The Aiello corporation and partnership furnished to Hogansburg monthly a certificate stating the utilization of the milk purchased, and Hogansburg paid the Market Administrator, for the producer-settlement fund, on the basis of such reported utilization.
The Market Administrator, pursuant to Section 927.7(g) of the Order, computed, on the basis of reports submitted by Hogansburg, the amount due to the fund and determined that defendant Hogansburg Milk Company, Inc., owed said fund, in addition to sums paid, various amounts totalling $2,453.70. He also determined that Hogansburg owed on its pro rata share of the expenses of administering the Order (Sec. 927.8) various sums totalling $160.50. Also, after examination of the Aiello books, he determined that Hogansburg owed said fund additional amounts totalling $2,190.94, which, according to Sec. 927.7(j) of the Order, is payable within five days after demand. Statements for these debit balances were rendered and Hogansburg has failed and refused to pay the same.
Plaintiff, in this action, seeks a mandatory injunction commanding defendant Hogansburg Milk Company, Inc., to comply fully with the provisions of the Order and particularly to pay to the Market Administrator for the producer-settlement fund the amounts above stated. The complaint also asks for a permanent injunction restraining Hogansburg and all persons acting for or under it, from handling milk in violation of the Order and commanding compliance therewith. Defendant, by answer, admits refusal to pay; denies indebtedness; and alleges payment of all sums lawfully due.
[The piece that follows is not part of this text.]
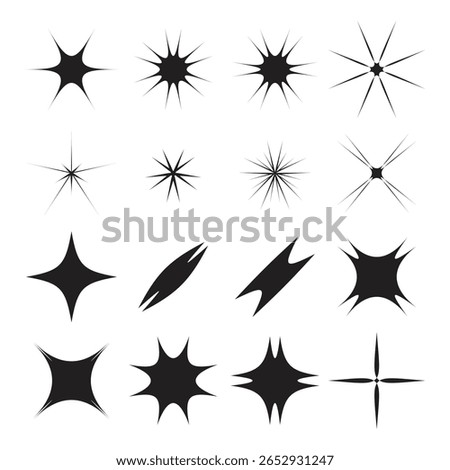 Sparkle and Star Shapes Collection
Plaintiff's contention that the defendant's alleged defenses, which in reality are simply denials of the correctness of the Administrator's determination, cannot be considered in an enforcement action is well grounded. The Act in Sec. 608c(15) provides for a complete and exclusive administrative remedy, including judicial review. This remedy must be exhausted before defendant can come into Court. LaVerne Co-op. Citrus Ass'n et al. v. United States, 9 Cir., 143 F.2d 415.
Defendant, by answer, has set up two counterclaims. In one it seeks recovery for monies alleged to have been incorrectly paid into the producer-settlement fund. In the other it seeks recovery of milk subsidies claimed to have been withheld.
The counterclaims should be stricken because administrative remedies have not been exhausted. Bradley v. City of Richmond, 227 U.S. 477, 33 S. Ct. 318, 57 L. Ed. 603. Moreover, the Court is without jurisdiction because the United States has not given consent to be sued directly or by counterclaim for the reliefs asked. With jurisdiction, the counterclaim must fall because of defendant's failure to comply with Sec. 774, 28 U.S.C.A.